======== DATA

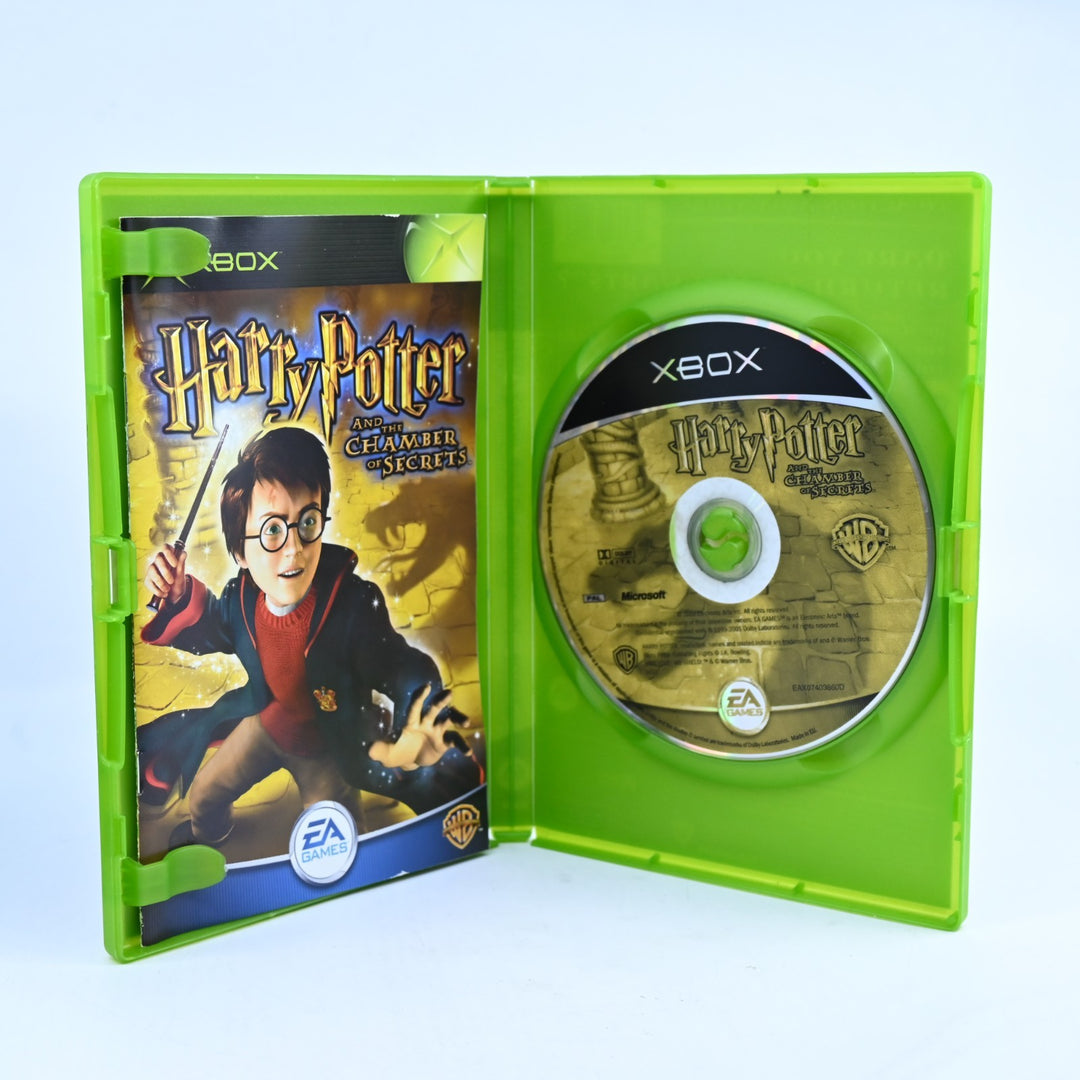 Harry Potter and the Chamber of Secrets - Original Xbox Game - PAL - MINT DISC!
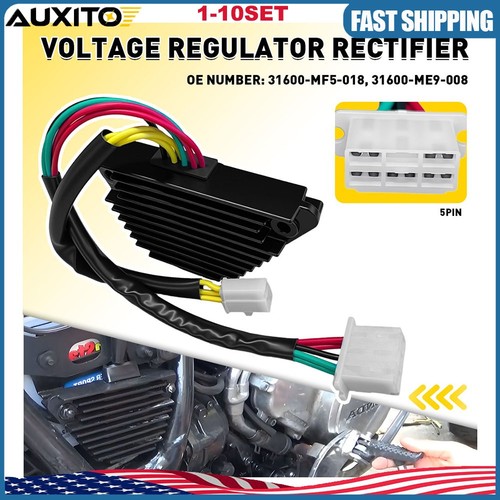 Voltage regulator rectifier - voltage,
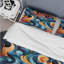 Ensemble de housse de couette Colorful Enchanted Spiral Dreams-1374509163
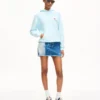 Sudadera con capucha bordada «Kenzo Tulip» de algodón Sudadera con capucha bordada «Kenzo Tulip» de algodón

================

WHAT YOU SHOULD DO: Please transcribe each line above exactly, but leave the images out.

SOLUTION TO THIS EXERCISE:
 Harry Potter and the Chamber of Secrets - Original Xbox Game - PAL - MINT DISC!
 Voltage regulator rectifier - voltage,
 Ensemble de housse de couette Colorful Enchanted Spiral Dreams-1374509163
 Sudadera con capucha bordada «Kenzo Tulip» de algodón Sudadera con capucha bordada «Kenzo Tulip» de algodón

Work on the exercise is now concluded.